On August 18, 1898, the church was the site where Spanish Governor-General Fermin Jaudenes prepared the terms for the surrender of Manila to the United States of America following the Spanish–American War.
During the Japanese occupation of the Philippines during World War II, San Agustin Church was turned into a concentration camp for prisoners. In the final days of the Battle of Manila, hundreds of Intramuros residents and clergy were held hostage in the church by Japanese soldiers; many of the hostages would be killed during the three-week-long battle. The church itself survived the flattening of Intramuros by combined American and Filipino ground forces in May, 1945 with only its roof damaged, the only one of the seven churches in the walled city to remain standing. The adjacent monastery however was totally destroyed, and was later rebuilt in the 1970s as a museum under the design of architect Angel Nakpil.

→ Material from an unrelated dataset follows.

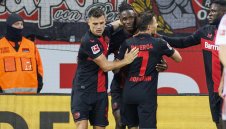 Какъв Байерн?! Байер е на върха в Германия след бой в Бремен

The church was renovated in 2013, replacing its colorful facade with a mature stone-colored one.
The San Agustin Church is patterned after some of the magnificent temples built by the Augustinians in Mexico, its present edifice was built in 1587, and completed, together with the monastery, in 1604.The atmosphere is medieval since "both church and monastery symbolize the majesty and equilibrium of a Spanish golden era."
The massive structure of the church, the symmetry and splendor of the interiors (painted by two Italians who succeeded in producing trompe l'oeil), the profile of the mouldings, rosettes and sunken panels which appear as three-dimensional carvings, a baroque pulpit with the native pineapple as a motif, the grand pipe organ, the antechoir with a 16th-century crucifix, the choir seats carved in molave with ivory inlays of the 17th century and the set of 16 huge and beautiful chandeliers from Paris.